Der Digitalpakt Schule ist vorerst gestoppt
Bundesrat lehnt Grundgesetzänderung ab – Vermittlungsausschuss soll Kompromiss finden
BERLIN - Der Bundesrat hat die Grundgesetzänderung für den Digitalpakt Schule am
Freitag abgelehnt.
Die Debatte zeigte: Es knirscht zwischen Bund und Ländern. Baden-Württembergs Ministerpräsident
Winfried Kretschmann schien gar nicht so recht zu wissen, wohin mit seinem Ärger. Von einem „Frontalangriff auf die föderale Ordnung“sprach der Grüne im Bundesrat, er warnte vor einer „Verzwergung der Länder“durch die geplanten Grundgesetzänderungen. Kretschmann ließ auch keinen Zweifel, wer für ihn daran Schuld trägt, dass der Digitalpakt Schule nicht – wie lange versprochen – zum Jahreswechsel kommen kann: „Wir stehen zu unserer Verantwortung. Der Bund steht auf der Bremse.“
Kretschmann und die 15 anderen Länderchefs haben gegen die Verfassungsänderungen gestimmt, die im November von der Großen Koalition mit den Stimmen der Grünen- und FDP-Fraktion und der Linken beschlossen wurden. Jetzt wird ein Vermittlungsausschuss eingerichtet. Mitte Januar könnte er starten. Trotz ihrer Ablehnung betonten alle Ministerpräsidenten, dass es dabei nicht um den Digitalpakt ging. Die fünf Milliarden Euro, die der Bund in die digitale Infrastruktur der Schulen investieren möchte, sind in allen 16 Ländern willkommen. Die Länder fürchten jedoch, dass der Bund ihnen zu sehr reinredet.

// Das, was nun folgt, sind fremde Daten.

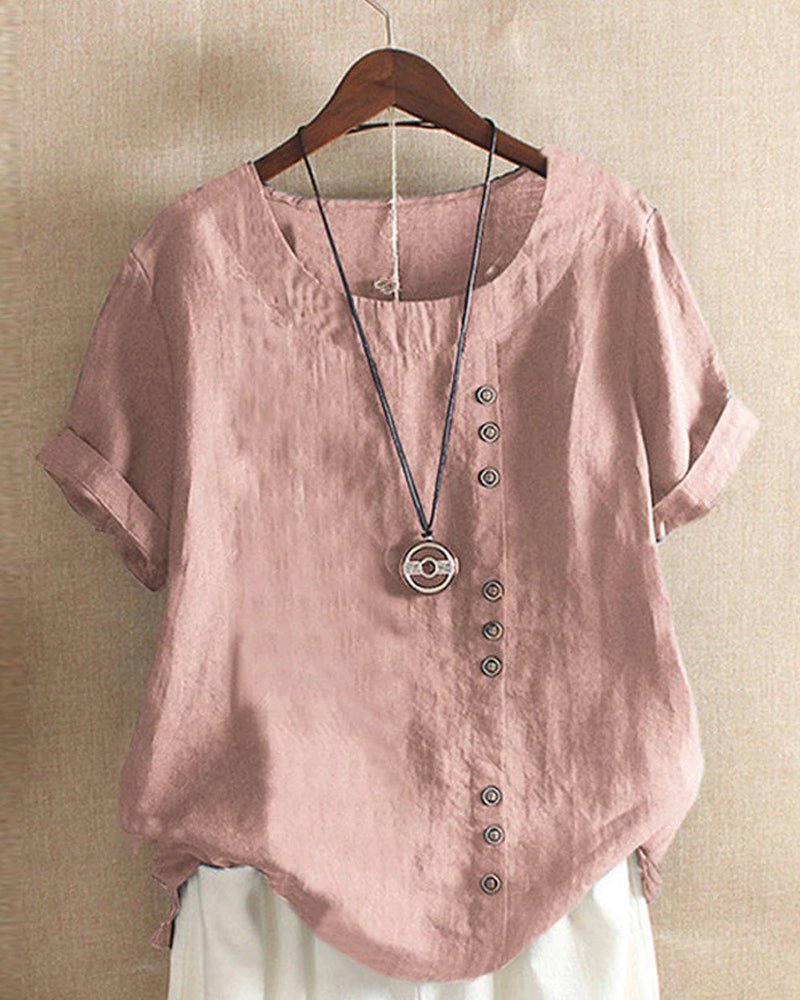 Button-Front Relaxed Linen Blend Tunic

So zeigte sich die rheinland-pfälzische Ministerpräsidentin Malu Dreyer (SPD) verärgert, dass „über die Hintertür das Selbstbestimmungsrecht der Länder beschnitten werden soll“. Erst kurz vor der Abstimmung ist bekannt geworden, dass Investitionen in Schulen, die der Bund nach dem Digitalpakt tätigen will, in gleicher Höhe von den Ländern mitfinanziert werden müssen.

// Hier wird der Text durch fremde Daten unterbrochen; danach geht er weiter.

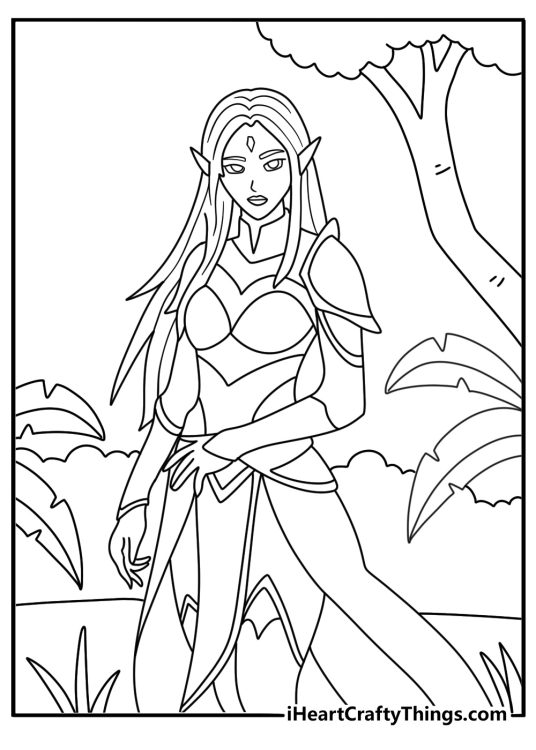 Elf with long ears in forest detailed anime coloring page for adults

Dass sich die Länder auch noch über Stilfragen ärgern, wird die Arbeit des Vermittlungsausschusses nicht leichter machen. So beklagte NRW-Ministerpräsident Armin Laschet (CDU), dass die „fundamentale Veränderung ohne Rücksprache mit auch nur einem Ministerpräsidenten“stattfinden sollte. Sein Thüringer Kollege Bodo Ramelow (Linke) schickte ironisch „beste Grüße an den Bundestag“: „So können Verfassungsorgane nicht miteinander umgehen.“ Wie der Konflikt gelöst werden kann, ist offen. Einig sind sich die Politiker aus Bund und Ländern nur darin, dass es schnell gehen muss. Sie machen keinen Hehl daraus, dass sie fürchten, noch mehr Ansehen bei Bürgern und Wählern zu verlieren.
Zugleich zeigte die Debatte aber auch, dass die Ministerpräsidenten nicht auf einer Linie sind. Der Niedersachse Stephan Weil (SPD) knöpfte sich in seiner Rede den Kollegen Kretschmann vor, dessen Einwürfe Weil für „eine Oktave zu hoch“hielt. „Wir Länder haben Anlass zu mehr Selbstbewusstsein“, fand er.